The lesson was forced upon me. As a working mother, I couldn’t read like I wanted to read.
Awake by four-thirty or five, my day began with a mad rush to collect lunches and afterschool supplies. From eight to five, I was teaching and grading papers. From five to seven, I was carting kids around town. From seven until bedtime, I was making dinner, running the laundry, tying up loose ends. I barely had time to sleep, let alone sit down with a book.
But my soul felt like it was starving. In the evenings, I would hide in the bathtub, trying to squeeze in a few pages—minutes stretching into an hour as the water grew cold.
While cleaning the kitchen one day, I clicked on some YouTube readings. The quality wasn’t great, but I could at least get the information in my head. Thrilling. This had potential. From there, I transitioned to Librivox, then to an Audible subscription.
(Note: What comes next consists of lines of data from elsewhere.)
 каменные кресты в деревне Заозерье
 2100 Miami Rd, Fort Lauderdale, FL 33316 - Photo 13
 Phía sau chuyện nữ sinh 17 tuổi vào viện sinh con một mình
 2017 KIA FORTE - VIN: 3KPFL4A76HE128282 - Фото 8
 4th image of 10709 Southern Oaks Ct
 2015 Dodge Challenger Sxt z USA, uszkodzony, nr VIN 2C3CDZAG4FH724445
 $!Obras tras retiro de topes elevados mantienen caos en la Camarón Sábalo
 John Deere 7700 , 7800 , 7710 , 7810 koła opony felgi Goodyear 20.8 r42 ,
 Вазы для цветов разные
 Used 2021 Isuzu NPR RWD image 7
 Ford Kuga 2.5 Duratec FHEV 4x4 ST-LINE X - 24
It was a strange move for someone with my priorities. Even though I have a graduate degree in oral literature—even though I know that the transfer of human ideas has its roots in the spoken tongue, I’d long continued to rank input quality by the prejudices of modernity.
Walter Ong’s Orality and Literacy, addresses the importance of auditory input:
“Sight isolates, sound incorporates. Whereas sight situates the observer outside what he views, at a distance, sound pours into the hearer. Vision dissects, as Merleau-Ponty has observed (1961). Vision comes to a human being from one direction at a time: to look at a room or a landscape, I must move my eyes around from one part to another. When I hear, however, I gather sound simultaneously from every directions at once; I am at the center of my auditory world, which envelopes me, establishing me at a kind of core of sensation and existence… You can immerse yourself in hearing, in sound. There is no way to immerse yourself similarly in sight.”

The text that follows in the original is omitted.